» **Your goal**
Without changing a word, repeat the data, and include no pictures.
▶
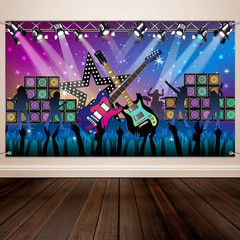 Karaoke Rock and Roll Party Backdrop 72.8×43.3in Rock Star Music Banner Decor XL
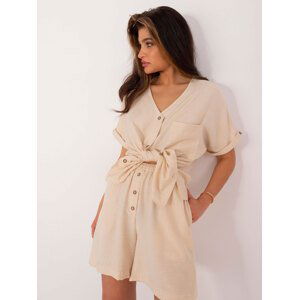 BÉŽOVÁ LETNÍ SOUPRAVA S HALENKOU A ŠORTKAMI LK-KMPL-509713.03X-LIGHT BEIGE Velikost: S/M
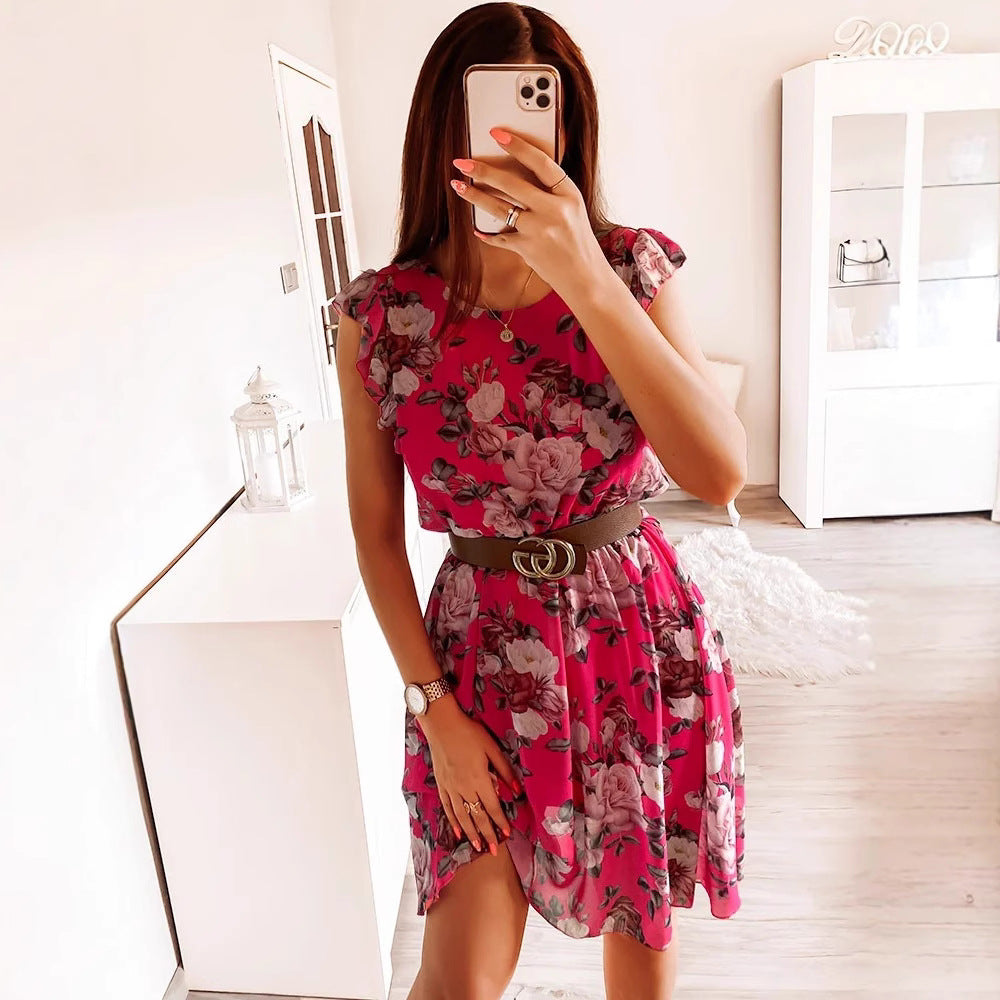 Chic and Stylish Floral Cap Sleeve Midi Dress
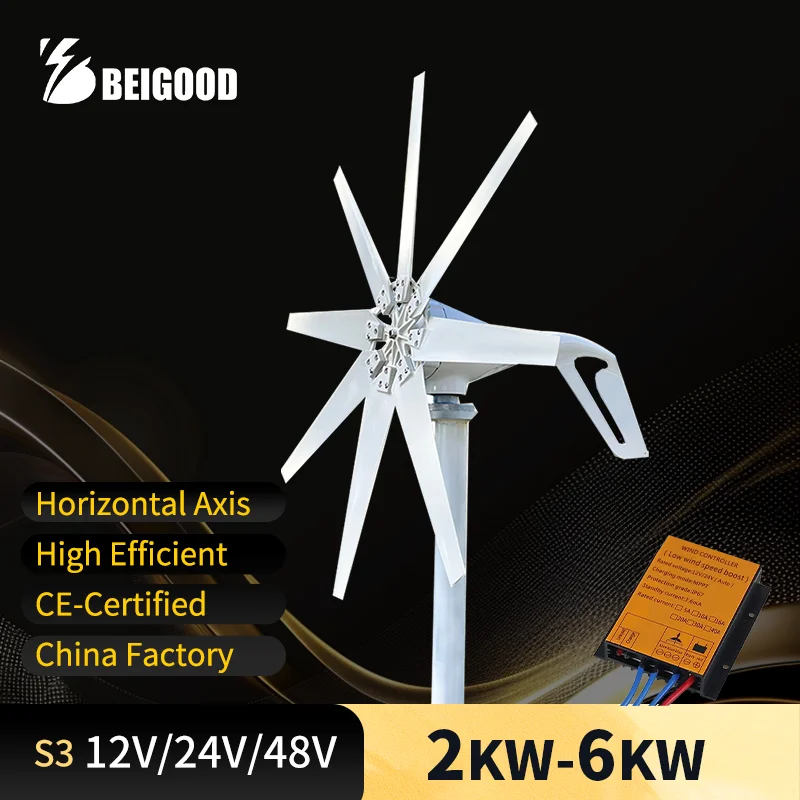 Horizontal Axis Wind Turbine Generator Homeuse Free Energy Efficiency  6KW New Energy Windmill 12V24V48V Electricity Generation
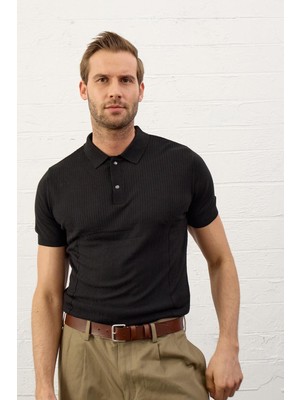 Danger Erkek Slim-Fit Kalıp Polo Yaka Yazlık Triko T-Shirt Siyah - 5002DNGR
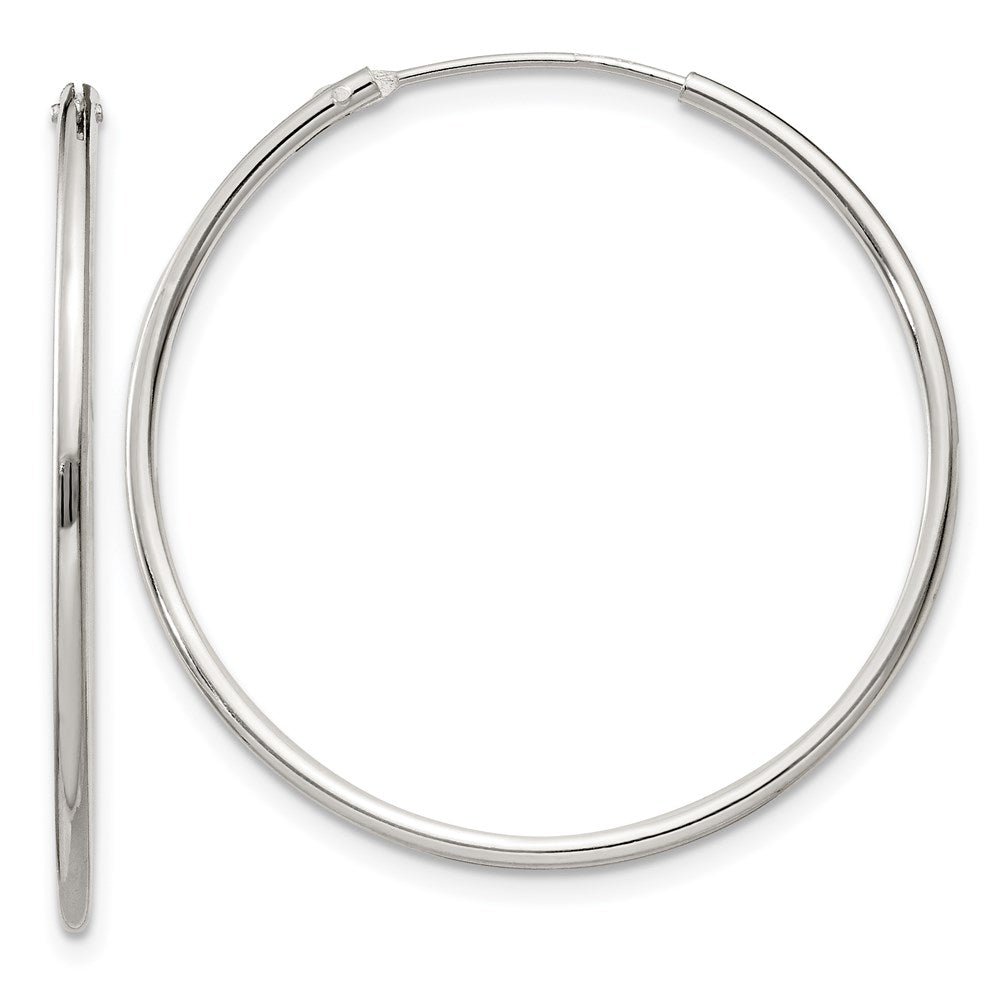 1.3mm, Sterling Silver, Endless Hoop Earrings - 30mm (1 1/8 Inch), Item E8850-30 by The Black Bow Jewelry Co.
◀
» **Answer section**
 Karaoke Rock and Roll Party Backdrop 72.8×43.3in Rock Star Music Banner Decor XL
 BÉŽOVÁ LETNÍ SOUPRAVA S HALENKOU A ŠORTKAMI LK-KMPL-509713.03X-LIGHT BEIGE Velikost: S/M
 Chic and Stylish Floral Cap Sleeve Midi Dress
 Horizontal Axis Wind Turbine Generator Homeuse Free Energy Efficiency  6KW New Energy Windmill 12V24V48V Electricity Generation
 Danger Erkek Slim-Fit Kalıp Polo Yaka Yazlık Triko T-Shirt Siyah - 5002DNGR
 1.3mm, Sterling Silver, Endless Hoop Earrings - 30mm (1 1/8 Inch), Item E8850-30 by The Black Bow Jewelry Co.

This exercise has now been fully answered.